-- Activity --
Would you repeat the listing exactly, without any of its images?

-- Data segment --

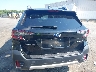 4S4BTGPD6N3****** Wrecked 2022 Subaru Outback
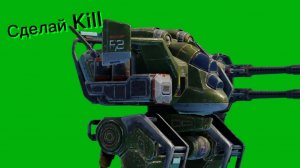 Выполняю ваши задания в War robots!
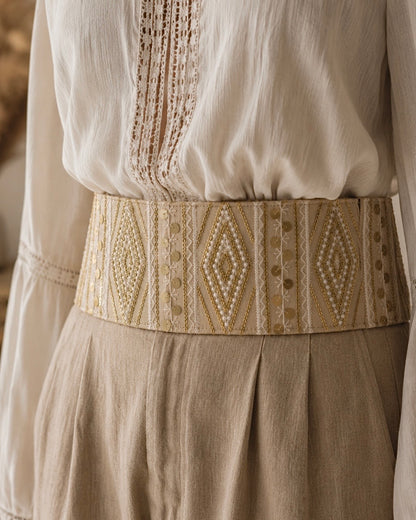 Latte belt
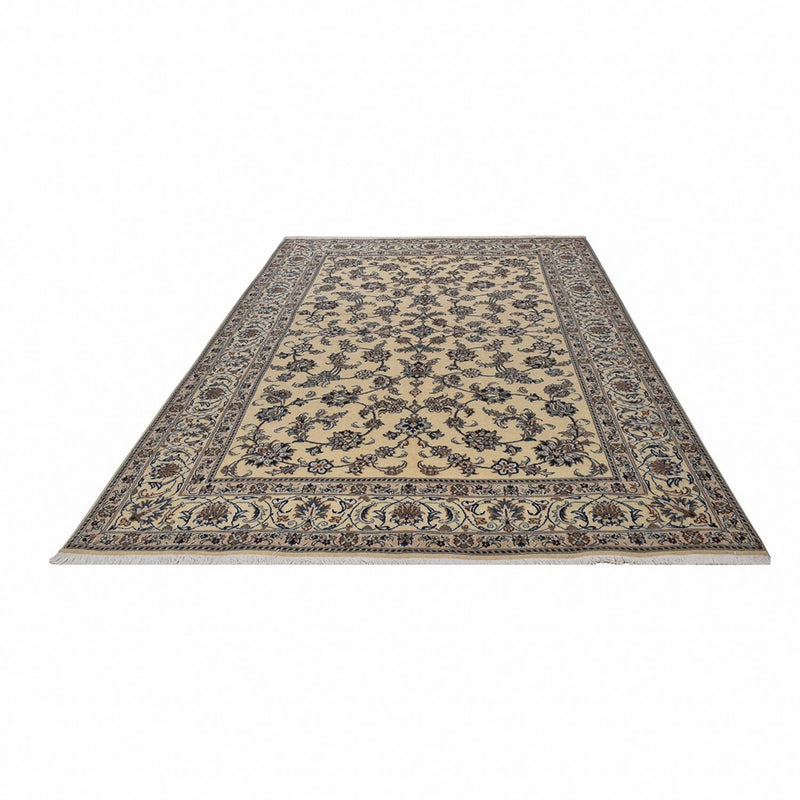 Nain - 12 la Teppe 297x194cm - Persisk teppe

-- Completed task --
 4S4BTGPD6N3****** Wrecked 2022 Subaru Outback
 Выполняю ваши задания в War robots!
 Latte belt
 Nain - 12 la Teppe 297x194cm - Persisk teppe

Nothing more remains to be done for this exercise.